This is the second correspondence on last week’s Predictive Analytics World (PAW) in San Francisco. About a year and a half ago, I wrote a book review on Super Crunchers by Yale economist Ian Ayres, in which I noted that super crunching as the amalgam of predictive modeling and randomized experiments. Randomization to treatment and control groups allows investigators to minimize the risk of study bias so that the only important differences between groups out of the gate are that one is named treatment while the other is called control. Predictive modeling by itself allows analysts to infer relationships and correlation; the addition of experiments sharpens the focus to cause and effect. The combination of predictive modeling and experiments is thus a very potent tool in the business learning arsenal of hypothesize/experiment/learn.

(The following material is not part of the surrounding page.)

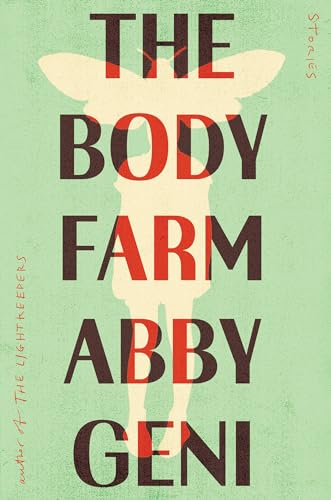 9781640096264: The Body Farm: Stories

The power of analytics plus experiments was understood well by PAW participants. Conference chair Eric Siegel noted the importance of experiments in demonstrating the value of predictive modeling, citing the oft-told story of Harrah’s Entertainment that “not using a control group” is rationale for termination. Siegel also detailed the champion/challenger experimental analogy used by enterprise decision management practitioners.

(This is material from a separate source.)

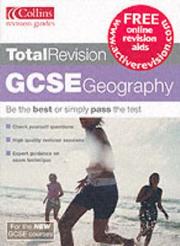 Cover of: GCSE Geography (Total Revision) by Michael Raw, Nicholas Rowles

SAS’s Anne Milley improved her standing with me quite a bit with a short but incisive presentation. Anne’s just now starting to get over an unfortunate remark on the risk of using the open source analytics platform R in a January NY Times article.

In this talk, she quotes Derek Bok, president of Harvard University from 1970-1991: “If you think education is expensive, try ignorance”. Anne proceeds to frame predictive analytics in a broader context of applying scientific principles to business. This framework for business analytics is one of:

  1. Observe, Define, Measure
  2. Experiment
  3. Act

She also proposes an Analytics Center of Excellence to promote dialog between producers and consumers of analytics, sagely noting that the social is every bit as important as the analytical, and that data quality is king. Sounds like someone who’s been around the modeling block more than a few times.
John McConnell of Analytical People discusses the popular CRISP-DM (CRoss-Industry Standard Process for Data Mining) methodology in his study of customer retention. The steps of the CRISP-DM feedback loop include Business Understanding, Data Understanding, Data Preparation, Modeling, Evaluation and Deployment. Randomized experiments or other rigorous designs are part and parcel of the evaluation step.

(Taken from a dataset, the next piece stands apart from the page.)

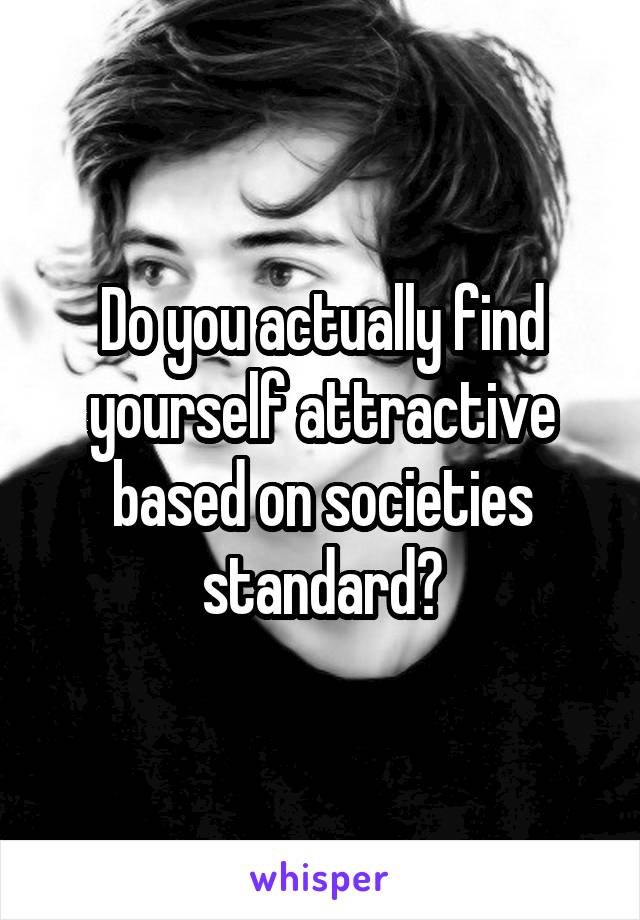 Do you actually find yourself attractive based on societies standard?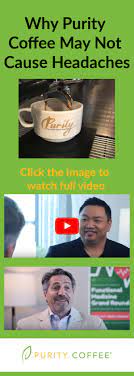 Why Purity Coffee May Not Cause Headaches Best Organic Coffee Headache Functional Medicine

Jun Zhong, VP Targeting and Analytics, Card Services Customer Marketing, Wells Fargo, uses randomized experiments as well as propensity adjustments for his response modeling so he can distinguish re-active purchasers from pro-active and non purchasers to best allocate scarce targeting dollars.
 
Finally, Andreas Weigend, former Chief Scientist of Amazon.com is a big proponent of the scientific method for learning in business. His talk, The Unrealized Power of Data, articulated a methodology, PHAME, for measuring the power of data. Weigend’s approach,
Problem-->Hypothesis-->Action-->Metrics-->Experiments, supplements top-down problem definition, hypotheses formulation and evaluation metrics with the bottom-up performance measurement of experiments in a learning feedback loop. Tom Davenport would be proud.